# PrOntoQA
This repo contains PrOntoQA, as described in our paper, [Language Models Are Greedy Reasoners: A Systematic Formal Analysis of Chain-of-Thought](https://arxiv.org/pdf/2210.01240.pdf). PrOntoQA generates question-answering examples with chains-of-thought that describe the reasoning required to answer the questions correctly. The sentences in the examples are syntactically simple and amenable to semantic parsing, and so this code can be used to formally analyze the predicted chain-of-thought from large language models such as GPT-3.

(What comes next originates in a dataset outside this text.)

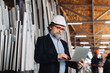 © dsheremeta - Mature man working on laptop in window factory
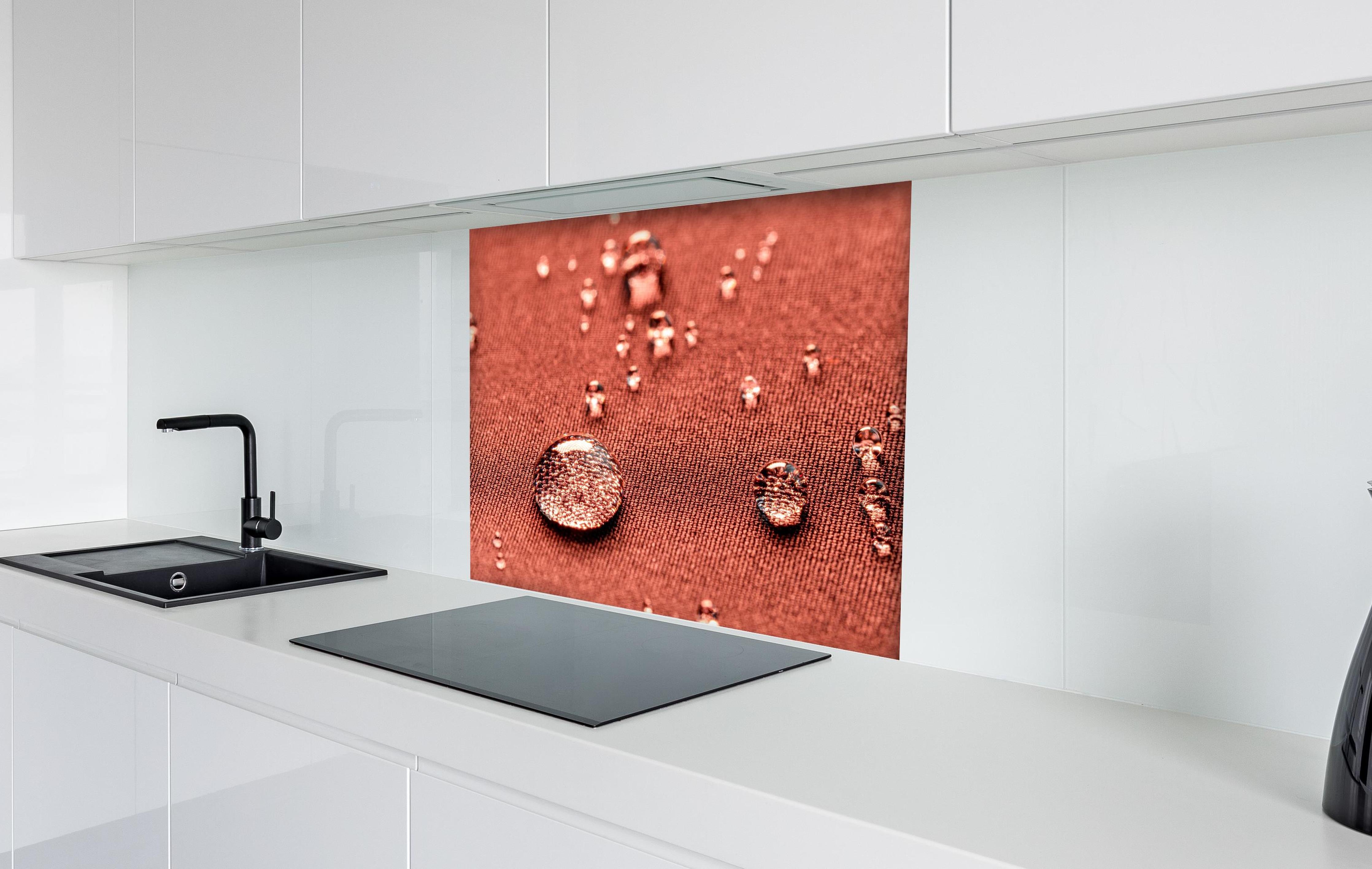 Spritzschutz - Wassertropfen auf rotem Stoff hinter einem Cerankochfeld zwischen Holz-Kochutensilien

If you use our code in your work, please cite our paper:
```
[anonymized]
```

## Running experiments
To generate the examples and evaluate models, use [`run_experiment.py`](run_experiment.py). There are a number of command-line flags:
 - `--model-name [gpt3|opt|unifiedqa|dummy]` specifies the model to test. The `dummy` model is a trivial model, used for testing, that outputs nothing for any input.
 - `--model-size <size>` where `<size>` indicates the version or size of the model. For GPT-3, this must be the OpenAI identifier for the model. For example, to use the InstructGPT 350M parameter model, specify `--model-size text-ada-001`.
 - `--ordering [postorder|preorder|random]` specifies the order of the context sentences of each question.
 - `--num-trials <n>` specifies the number of examples per experiment.
 - `--few-shot-examples <n>` specifies the number of few-shot in-context examples given in each experiment example.
 - `--ontology [fictional|true|false]` indicates which ontology type to generate.
 - `--min-hops <n>`, `--max-hops <m>`, `--hops-skip <k>` specifies which hop counts to test. An experiment is run with `n` hops, then another experiment is run with `n + k` hops, `n + 2k`, and so on until the number of hops exceeds `m`.

The output of the experiments are written to a file whose name is automatically determined based on the above flag configuration.
 - `--resume` is another very useful flag that prevents the program from restarting the experiment at trial 0 if partial results already exist. Rather, the program will continue the experiment where it left off.

The model outputs from our experiments are provided in `model_outputs.zip`.

## Analyzing output
Once `run_experiment.py` has saved the model predictions to files, they can be analyzed with [`analyze_results.py`](analyze_results.py). Without any arguments, this script will reproduce all results figures in our paper.